Stored data entries:
=== Section Start ===
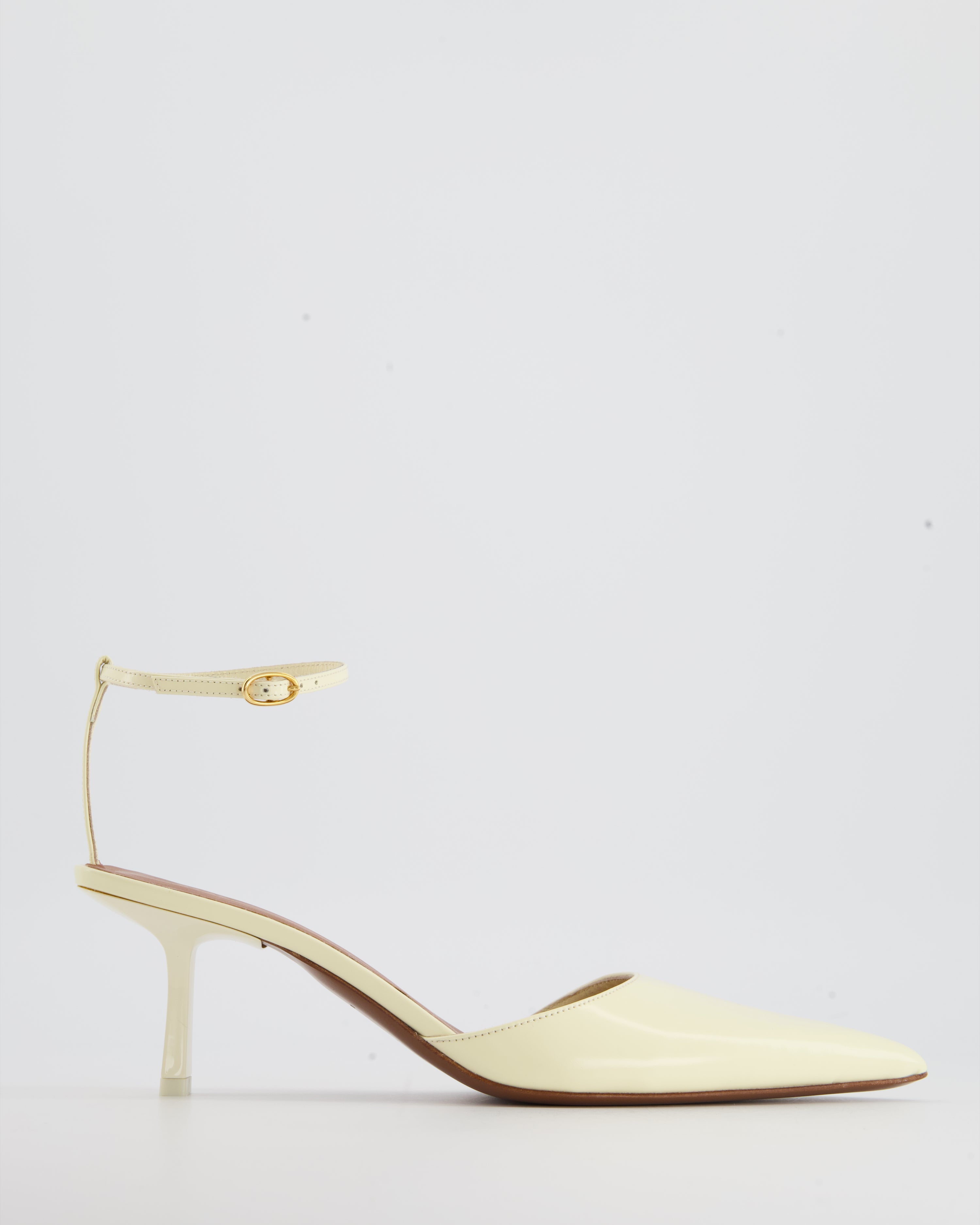 Neous Cream Leather Pointed Sling Back Heels Size EU 36 – Sellier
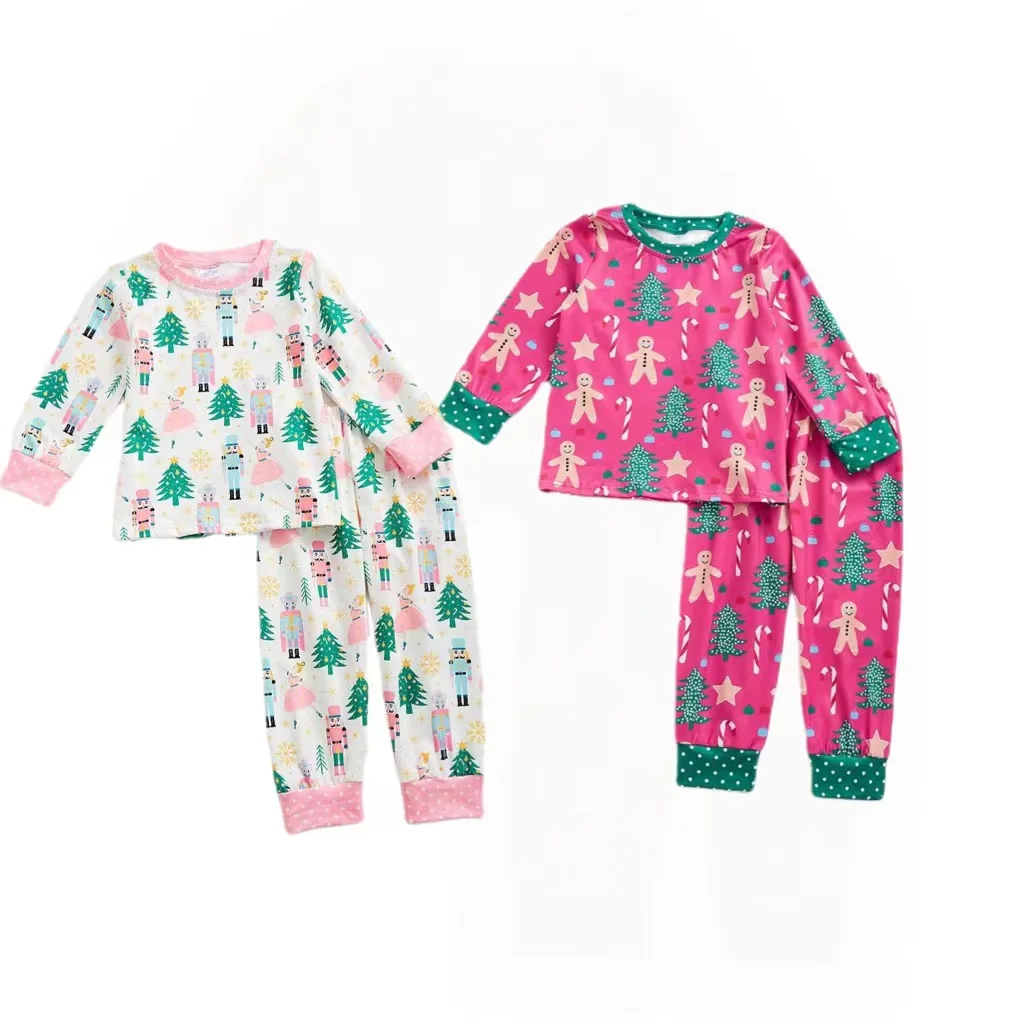 Kleding Unisex kinderkleding Pyjamas & Badjassen Pyjama Kerst outfit voor kinderen gemonogrammeerd in maten 0-3 maanden tot volwassen Buffalo Plaid Kerst jammies 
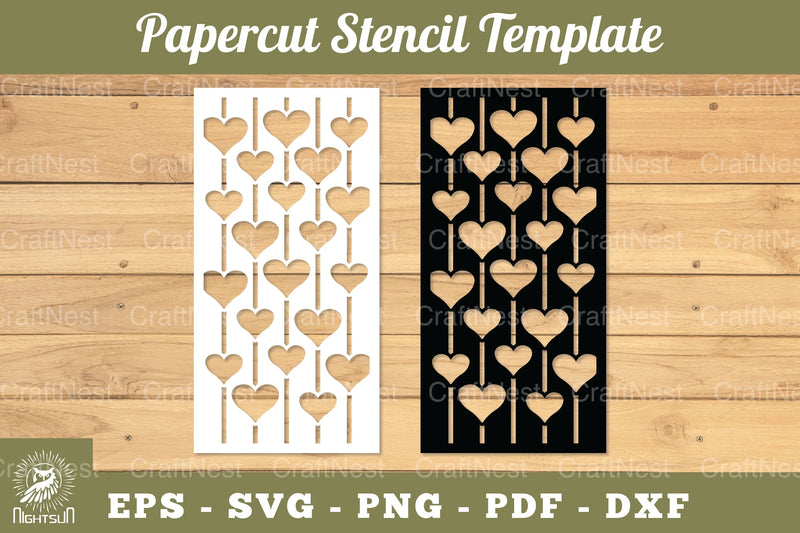 Heart Papercut Stencil SVG Bundle - CraftNest - Digital Crafting and Art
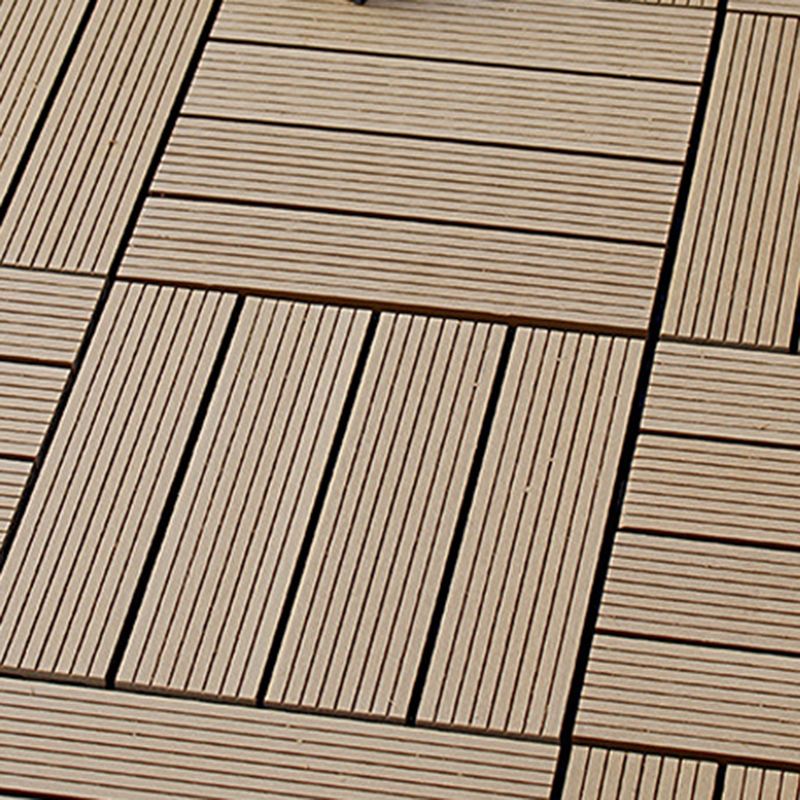 BowLift | 12" X 12" 4-Slat Square Deck/Patio Floor Tiles Snap Installation Floor Plank Tiles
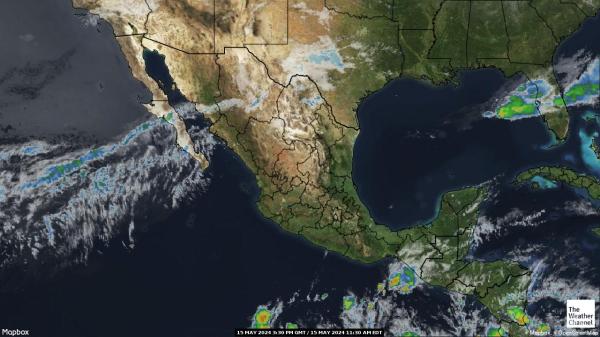 Mexico Weather Cloud Map 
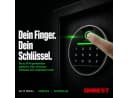 Onbest Möbeltresor mit Fingerabdruck-Sensor und Stahlkonstruktion Bild 3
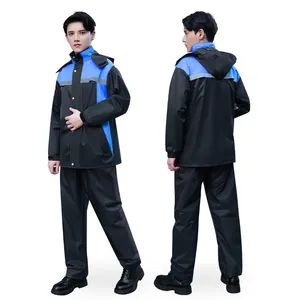 Waterproof Raincoat Suit Jacket Pants Motorcycle Riding LXL2XL3XL GrayBlackBlueGreen 18cm Pockets 20Denier Soft 8118 - Nanjing Zhengyu Rainproof Products Co., Ltd. - China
=== Section End ===
• [EXERCISE REQUIREMENTS]:
All records above are to be output verbatim, with their pictures omitted.

• [SOLUTION]:
 Neous Cream Leather Pointed Sling Back Heels Size EU 36 – Sellier
 Kleding Unisex kinderkleding Pyjamas & Badjassen Pyjama Kerst outfit voor kinderen gemonogrammeerd in maten 0-3 maanden tot volwassen Buffalo Plaid Kerst jammies 
 Heart Papercut Stencil SVG Bundle - CraftNest - Digital Crafting and Art
 BowLift | 12" X 12" 4-Slat Square Deck/Patio Floor Tiles Snap Installation Floor Plank Tiles
 Mexico Weather Cloud Map 
 Onbest Möbeltresor mit Fingerabdruck-Sensor und Stahlkonstruktion Bild 3
 Waterproof Raincoat Suit Jacket Pants Motorcycle Riding LXL2XL3XL GrayBlackBlueGreen 18cm Pockets 20Denier Soft 8118 - Nanjing Zhengyu Rainproof Products Co., Ltd. - China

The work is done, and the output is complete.